It has taken me about 90 minutes to write an initial FIQL to LDAP converter which outputs the query formatted according to RFC 4515 and document it here.
I have copied most of the boiler-plate code from the FIQL to SQL converter and given how simple the LDAP query is it was very easy to finish it off fast. The point is that other custom converters (example FIQL to CQL) can likely be written even faster by copying and pasting the LDAP converter :-).
More work will likely need to be done to get RFC-4515 supported completely, but the converter should already be capable to support many simple or composite LDAP queries which do not use complex characters, etc.
You may want to ask why would not one support LDAP query language by directly encoding it into request URIs.

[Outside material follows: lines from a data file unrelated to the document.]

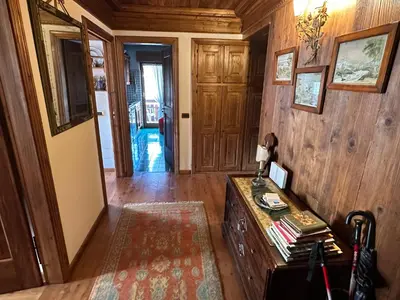 a hallway of a home with a wooden wall at Appartamento 3 camere pieno centro di Cortina in Cortina dʼAmpezzo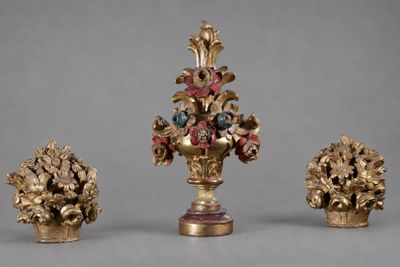 trois vases, chacun contenant des fleurs, posés sur une table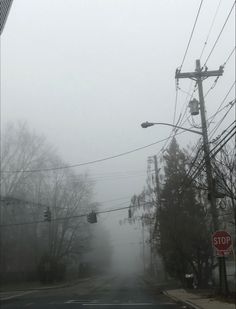 a foggy street with traffic lights and power lines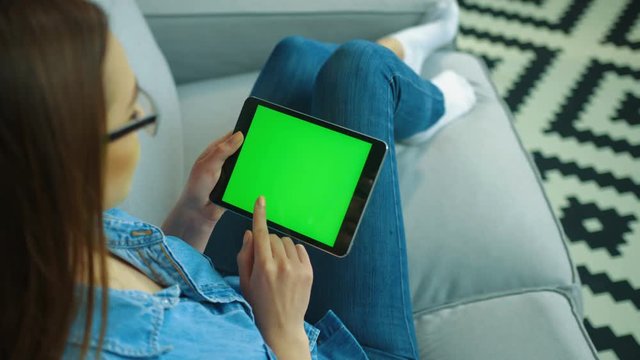 Young woman using black tablet computer with green screen while sitting on the couch in the living room. Woman hands scrolling, zooming pages. Chroma key. top view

There are two issues here, first, the LDAP language is not quite URI friendly, the second one is that it will leak the details about the data technology supporting a given REST endpoint.

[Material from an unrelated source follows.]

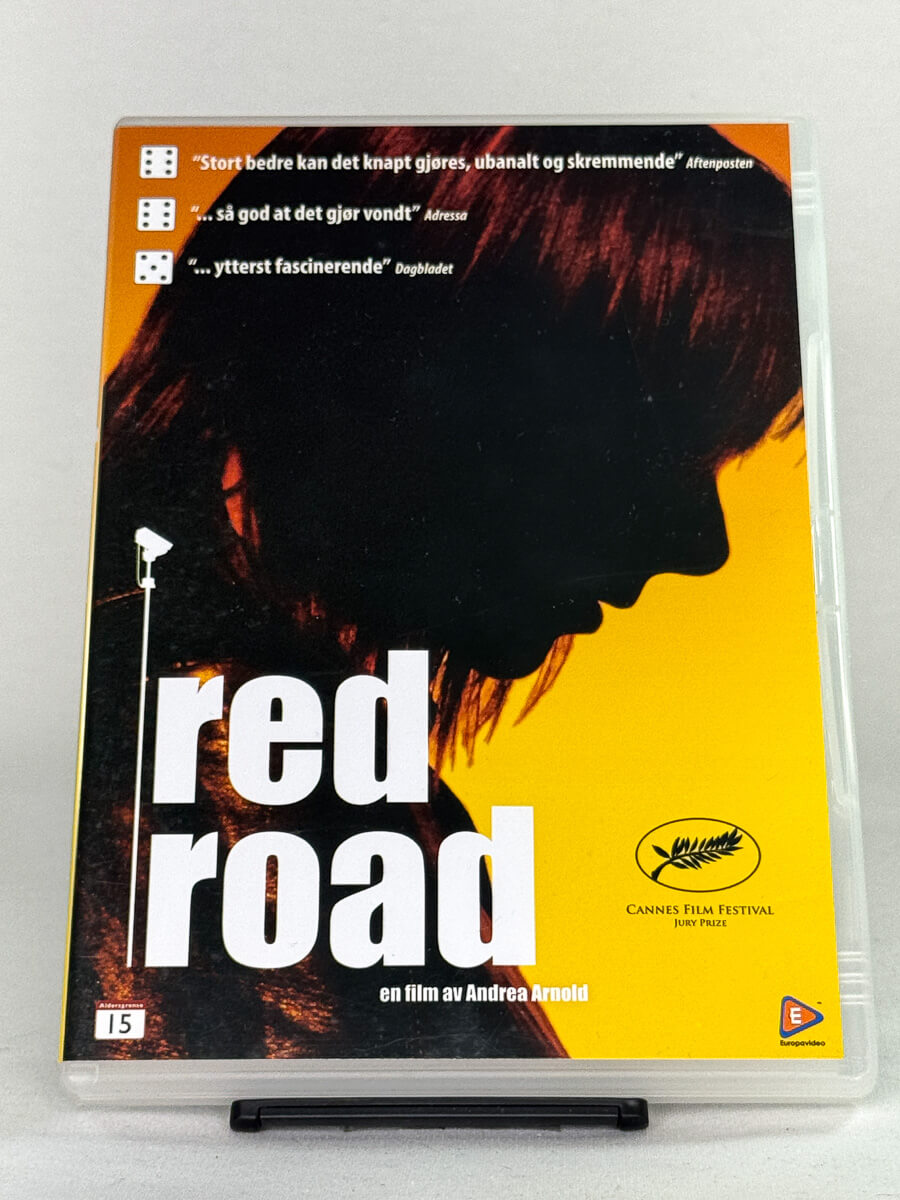 Forside av DVD-cover til Red Road – prisvinnende britisk drama av Andrea Arnold, kjent fra Cannes Film Festival, tilgjengelig som brukt DVD hos Brukbar Film.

This is why FIQL or other dedicated language like OData is the way to go for doing medium complexity queries over HTTP. It is easy to read and it lets the users completely encapsulate the data source details.
I think with this latest update CXF Search extension has enough 'material' for users to start experimenting with using FIQL on top of the well-known and traditional data sources.
I can nearly see some of you starting thinking of creating some cool UI search module which will let users do more interesting search queries over the containers such as LDAP stores or OSGI runtimes with this new converter and may be even sharing the tested queries with the other users who may find it useful.
The next phase is to get FIQL a bit closer to all those No SQL data stores and it should be quite interesting.